Steven Browning: America’s diplomatic service delivers for America
As a retired member of the United States Foreign Service I was proud to represent the interests and values of America in the eight countries in which I lived and the more than 30 countries in which I worked during my 34 years of service.
This week, my active duty colleagues in the Foreign Service will celebrate Foreign Service Day, designated by the United States Senate in 1996 as the first Friday in May each year.
On this occasion I would like to take the opportunity to recognize the critical work done by America’s diplomats and development professionals at U.S. embassies and consulates in almost every country in the world. America’s network of embassies is operated and staffed by members of the U.S. Foreign Service who have learned the local language and customs and know how to navigate the terrain. They act on America’s behalf to enhance our national security and advance our economic prosperity at home.
Today, nine in 10 Americans support strong U.S. global leadership. Such leadership is unthinkable without a strong professional Foreign Service deployed around the world protecting and defending America’s people, interests and values. If the United States retreats, we leave a vacuum that will be filled by others who do not share our values or interests.
American businesses depend greatly on U.S. diplomats to work with countries to establish rules and remove obstacles to enable them to compete and operate overseas on a level playing field. When American businesses expand their reach across the globe, they create new opportunities and open new markets. Our embassies’ commercial work supports California companies, farmers and citizen entrepreneurs in selling abroad.
Did you know, for instance, that State Department advocacy for U.S. commercial interests abroad helped achieve record exports, reaching an all-time high of $2.21 trillion in 2016 and supporting 11.5 million U.S. jobs?
The work of the U.S. Foreign Service benefits California and its citizens in many other ways as well:
American embassies and consulates abroad facilitated the ability of 156,000 international higher education students to study at California institutes of higher education in the academic 2016-17, the vast majority paying full tuition and contributing hundreds of millions of dollars to the California economy;
The Strong Cities Network, a State Department program that includes Los Angeles and San Diego, is a global network of mayors, municipal-level policy makers and practitioners united in building social cohesion and community resilience to counter violent extremism;
The U.S. Embassy in Canberra signed the Wildland Fire Management resources Agreement between the U.S. Departments of Agriculture and Interior and Emergency Management Australia to help facilitate resource sharing to combat wildfires. In October 2017, under a separate state-to-state agreement, the State of Victoria sent 33 emergency management staff to help fight wildfires in Northern California; and,
The Los Angeles Police Department and the State Department have partnered since 2016 to help police in Guatemala and El Salvador learn policing strategies in response to gang activity and to learn community outreach strategies in areas impacted by gangs, programs designed to help stem the flow of people fleeing north to escape gang violence.
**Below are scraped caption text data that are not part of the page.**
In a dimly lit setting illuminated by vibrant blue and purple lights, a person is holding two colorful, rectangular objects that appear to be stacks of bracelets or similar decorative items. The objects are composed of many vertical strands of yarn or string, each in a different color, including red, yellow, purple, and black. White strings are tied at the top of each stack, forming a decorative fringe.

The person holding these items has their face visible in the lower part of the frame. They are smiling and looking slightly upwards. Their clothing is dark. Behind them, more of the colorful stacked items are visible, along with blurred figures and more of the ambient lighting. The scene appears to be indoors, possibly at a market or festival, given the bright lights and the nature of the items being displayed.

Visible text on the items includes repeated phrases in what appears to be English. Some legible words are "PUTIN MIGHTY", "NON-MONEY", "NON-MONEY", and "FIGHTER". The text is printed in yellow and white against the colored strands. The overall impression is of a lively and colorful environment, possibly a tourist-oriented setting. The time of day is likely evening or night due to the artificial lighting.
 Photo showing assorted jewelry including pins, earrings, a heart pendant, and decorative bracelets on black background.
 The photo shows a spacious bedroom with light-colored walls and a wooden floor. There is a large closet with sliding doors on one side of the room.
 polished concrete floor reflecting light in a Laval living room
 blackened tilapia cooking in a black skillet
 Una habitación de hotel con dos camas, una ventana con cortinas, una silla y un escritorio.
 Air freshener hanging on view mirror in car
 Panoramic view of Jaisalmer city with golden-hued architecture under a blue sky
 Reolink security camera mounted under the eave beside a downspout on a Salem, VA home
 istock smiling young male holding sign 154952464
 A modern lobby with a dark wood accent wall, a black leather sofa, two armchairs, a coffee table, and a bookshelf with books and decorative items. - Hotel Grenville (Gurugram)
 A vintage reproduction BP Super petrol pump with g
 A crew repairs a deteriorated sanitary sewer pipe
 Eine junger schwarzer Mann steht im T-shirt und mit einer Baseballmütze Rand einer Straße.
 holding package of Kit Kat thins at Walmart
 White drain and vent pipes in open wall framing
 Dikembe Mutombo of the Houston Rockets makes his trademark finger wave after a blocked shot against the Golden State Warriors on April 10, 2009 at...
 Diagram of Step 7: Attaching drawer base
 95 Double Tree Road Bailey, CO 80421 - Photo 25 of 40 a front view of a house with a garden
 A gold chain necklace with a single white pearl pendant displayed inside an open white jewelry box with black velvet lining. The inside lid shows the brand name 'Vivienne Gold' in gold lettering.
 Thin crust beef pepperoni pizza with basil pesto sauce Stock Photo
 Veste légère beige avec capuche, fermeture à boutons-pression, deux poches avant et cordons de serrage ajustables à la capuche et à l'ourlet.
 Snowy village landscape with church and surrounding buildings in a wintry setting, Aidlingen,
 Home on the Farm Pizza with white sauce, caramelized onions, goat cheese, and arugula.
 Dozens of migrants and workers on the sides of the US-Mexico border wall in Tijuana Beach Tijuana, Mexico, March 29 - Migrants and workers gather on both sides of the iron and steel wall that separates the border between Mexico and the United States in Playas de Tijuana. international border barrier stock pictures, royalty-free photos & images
These examples illustrate the wide range of programs and initiatives that the Foreign Service undertakes to advance America’s interests abroad, increasingly critical as our country faces growing challenges to our global leadership, particularly from rising powers such as China.
I, for one, support the full use of our diplomatic efforts to help maintain American global leadership in all areas, because if we don’t lead, who will?
Last year on Foreign Service Day, a memorial ceremony was held at the State Department to honor those Foreign Service members who gave their lives serving the United States overseas. The 249th and 250th names of Foreign Service personnel who did not make it home were added to the memorial plaque in the State Department lobby. Six U.S. ambassadors have died in service to their country since 1949, including Northern California native son Ambassador Chris Stevens.
Like the armed services, whose 1.3 million members defend this country in uniform, the 14,000 professionals in the U.S. Foreign Service serve our country in over 270 posts around the world to advance American interests, keep America safe and promote American prosperity. Foreign Service Day is a good time to acknowledge their sacrifices and contributions to our country.
Ambassador (ret.) Steven A. Browning lives in Nevada City.